- _Exercise brief_:
Repeat the listing that follows exactly. Pictures are not part of the copy.

::::::

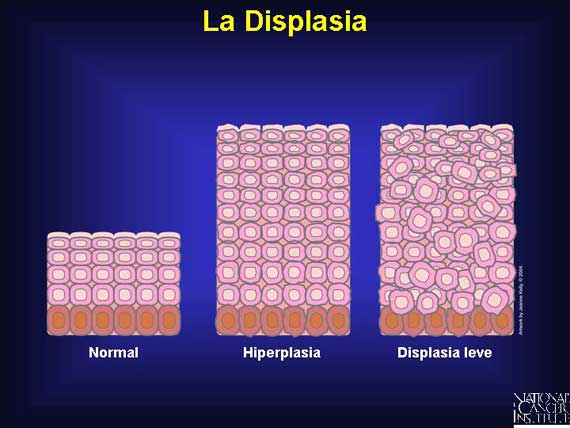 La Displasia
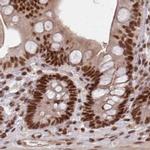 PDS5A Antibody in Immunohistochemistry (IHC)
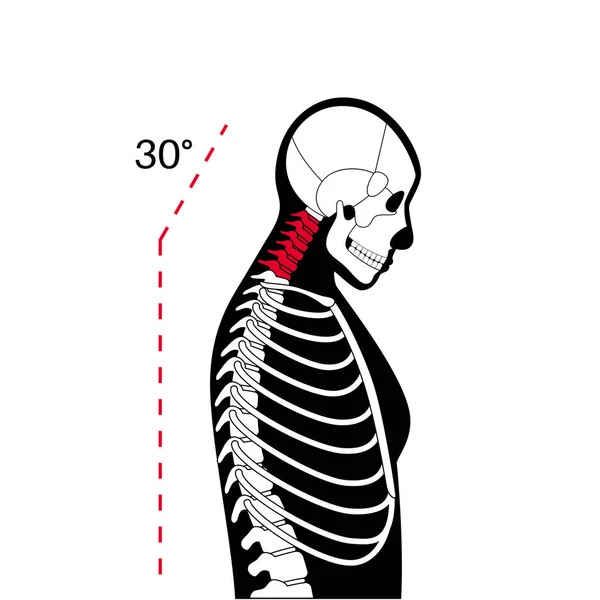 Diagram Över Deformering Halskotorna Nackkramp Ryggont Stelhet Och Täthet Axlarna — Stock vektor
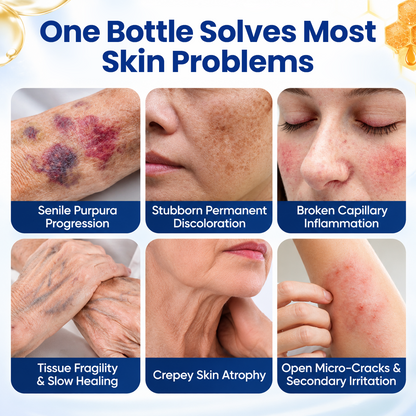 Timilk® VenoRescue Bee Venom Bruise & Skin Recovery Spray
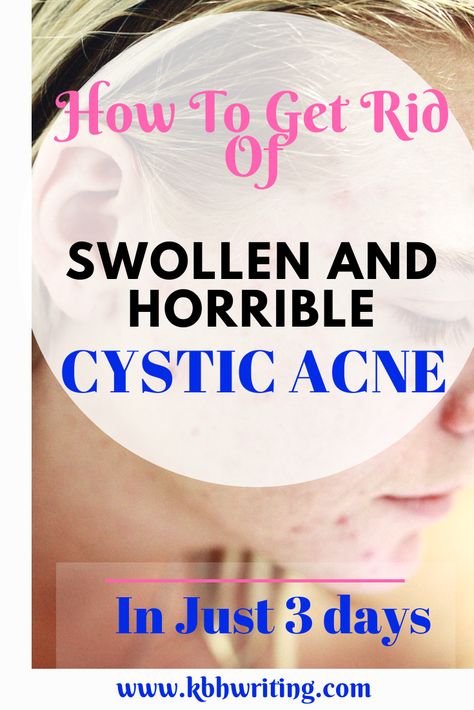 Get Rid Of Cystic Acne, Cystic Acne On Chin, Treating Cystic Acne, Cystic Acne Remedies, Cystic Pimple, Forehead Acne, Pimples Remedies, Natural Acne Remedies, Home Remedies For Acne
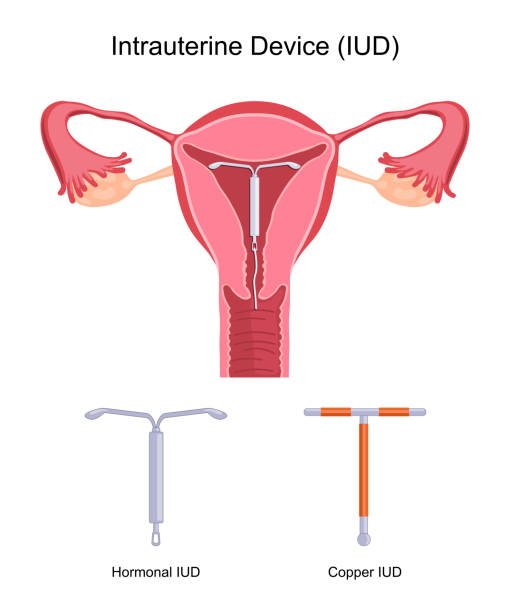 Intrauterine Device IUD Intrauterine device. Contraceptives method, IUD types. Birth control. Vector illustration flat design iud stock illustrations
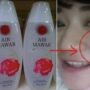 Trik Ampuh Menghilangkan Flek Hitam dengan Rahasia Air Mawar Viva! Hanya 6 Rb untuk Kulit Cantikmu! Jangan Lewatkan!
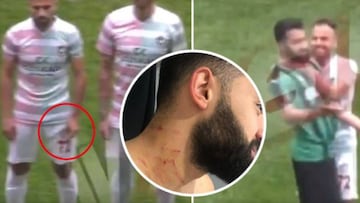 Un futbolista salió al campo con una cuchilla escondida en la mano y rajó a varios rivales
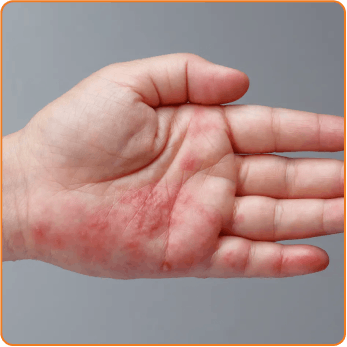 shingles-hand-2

::::::

- _Written response_:
 La Displasia
 PDS5A Antibody in Immunohistochemistry (IHC)
 Diagram Över Deformering Halskotorna Nackkramp Ryggont Stelhet Och Täthet Axlarna — Stock vektor
 Timilk® VenoRescue Bee Venom Bruise & Skin Recovery Spray
 Get Rid Of Cystic Acne, Cystic Acne On Chin, Treating Cystic Acne, Cystic Acne Remedies, Cystic Pimple, Forehead Acne, Pimples Remedies, Natural Acne Remedies, Home Remedies For Acne
 Intrauterine Device IUD Intrauterine device. Contraceptives method, IUD types. Birth control. Vector illustration flat design iud stock illustrations
 Trik Ampuh Menghilangkan Flek Hitam dengan Rahasia Air Mawar Viva! Hanya 6 Rb untuk Kulit Cantikmu! Jangan Lewatkan!
 Un futbolista salió al campo con una cuchilla escondida en la mano y rajó a varios rivales
 shingles-hand-2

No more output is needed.